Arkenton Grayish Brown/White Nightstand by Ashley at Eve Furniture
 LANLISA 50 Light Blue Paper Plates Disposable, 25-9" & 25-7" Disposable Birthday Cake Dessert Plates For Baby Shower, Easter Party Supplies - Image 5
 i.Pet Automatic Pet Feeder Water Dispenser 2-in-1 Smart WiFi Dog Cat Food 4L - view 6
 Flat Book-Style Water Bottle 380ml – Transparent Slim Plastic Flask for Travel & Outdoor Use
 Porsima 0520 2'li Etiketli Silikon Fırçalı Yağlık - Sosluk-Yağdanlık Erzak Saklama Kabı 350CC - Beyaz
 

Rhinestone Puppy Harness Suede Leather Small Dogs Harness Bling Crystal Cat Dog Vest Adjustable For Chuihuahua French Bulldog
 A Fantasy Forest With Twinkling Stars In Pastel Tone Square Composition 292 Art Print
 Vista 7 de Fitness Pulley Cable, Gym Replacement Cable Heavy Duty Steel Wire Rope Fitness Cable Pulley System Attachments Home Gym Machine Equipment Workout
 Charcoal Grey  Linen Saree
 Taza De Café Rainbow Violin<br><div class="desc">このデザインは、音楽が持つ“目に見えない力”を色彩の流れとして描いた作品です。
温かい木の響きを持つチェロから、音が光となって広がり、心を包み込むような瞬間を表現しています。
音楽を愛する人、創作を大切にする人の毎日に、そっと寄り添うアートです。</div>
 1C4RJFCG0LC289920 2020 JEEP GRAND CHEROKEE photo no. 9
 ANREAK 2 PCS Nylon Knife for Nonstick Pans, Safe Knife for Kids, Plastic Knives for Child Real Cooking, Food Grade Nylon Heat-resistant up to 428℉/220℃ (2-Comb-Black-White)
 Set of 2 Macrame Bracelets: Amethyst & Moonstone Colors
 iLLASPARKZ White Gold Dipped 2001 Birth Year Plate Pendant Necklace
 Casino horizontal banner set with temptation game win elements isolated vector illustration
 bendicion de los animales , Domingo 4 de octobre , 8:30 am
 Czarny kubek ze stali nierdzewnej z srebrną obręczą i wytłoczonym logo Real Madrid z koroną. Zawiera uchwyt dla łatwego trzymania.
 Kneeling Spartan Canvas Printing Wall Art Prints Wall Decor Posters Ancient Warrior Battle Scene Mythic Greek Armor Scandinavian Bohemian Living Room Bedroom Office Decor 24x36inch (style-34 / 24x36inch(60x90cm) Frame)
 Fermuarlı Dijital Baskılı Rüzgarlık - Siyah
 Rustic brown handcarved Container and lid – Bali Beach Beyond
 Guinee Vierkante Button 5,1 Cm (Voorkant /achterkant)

------------

WHAT THIS TASK INVOLVES — Your answer must be the complete data, repeated word for word.

RESULT —
Arkenton Grayish Brown/White Nightstand by Ashley at Eve Furniture
 LANLISA 50 Light Blue Paper Plates Disposable, 25-9" & 25-7" Disposable Birthday Cake Dessert Plates For Baby Shower, Easter Party Supplies - Image 5
 i.Pet Automatic Pet Feeder Water Dispenser 2-in-1 Smart WiFi Dog Cat Food 4L - view 6
 Flat Book-Style Water Bottle 380ml – Transparent Slim Plastic Flask for Travel & Outdoor Use
 Porsima 0520 2'li Etiketli Silikon Fırçalı Yağlık - Sosluk-Yağdanlık Erzak Saklama Kabı 350CC - Beyaz
 

Rhinestone Puppy Harness Suede Leather Small Dogs Harness Bling Crystal Cat Dog Vest Adjustable For Chuihuahua French Bulldog
 A Fantasy Forest With Twinkling Stars In Pastel Tone Square Composition 292 Art Print
 Vista 7 de Fitness Pulley Cable, Gym Replacement Cable Heavy Duty Steel Wire Rope Fitness Cable Pulley System Attachments Home Gym Machine Equipment Workout
 Charcoal Grey  Linen Saree
 Taza De Café Rainbow Violin<br><div class="desc">このデザインは、音楽が持つ“目に見えない力”を色彩の流れとして描いた作品です。
温かい木の響きを持つチェロから、音が光となって広がり、心を包み込むような瞬間を表現しています。
音楽を愛する人、創作を大切にする人の毎日に、そっと寄り添うアートです。</div>
 1C4RJFCG0LC289920 2020 JEEP GRAND CHEROKEE photo no. 9
 ANREAK 2 PCS Nylon Knife for Nonstick Pans, Safe Knife for Kids, Plastic Knives for Child Real Cooking, Food Grade Nylon Heat-resistant up to 428℉/220℃ (2-Comb-Black-White)
 Set of 2 Macrame Bracelets: Amethyst & Moonstone Colors
 iLLASPARKZ White Gold Dipped 2001 Birth Year Plate Pendant Necklace
 Casino horizontal banner set with temptation game win elements isolated vector illustration
 bendicion de los animales , Domingo 4 de octobre , 8:30 am
 Czarny kubek ze stali nierdzewnej z srebrną obręczą i wytłoczonym logo Real Madrid z koroną. Zawiera uchwyt dla łatwego trzymania.
 Kneeling Spartan Canvas Printing Wall Art Prints Wall Decor Posters Ancient Warrior Battle Scene Mythic Greek Armor Scandinavian Bohemian Living Room Bedroom Office Decor 24x36inch (style-34 / 24x36inch(60x90cm) Frame)
 Fermuarlı Dijital Baskılı Rüzgarlık - Siyah
 Rustic brown handcarved Container and lid – Bali Beach Beyond
 Guinee Vierkante Button 5,1 Cm (Voorkant /achterkant)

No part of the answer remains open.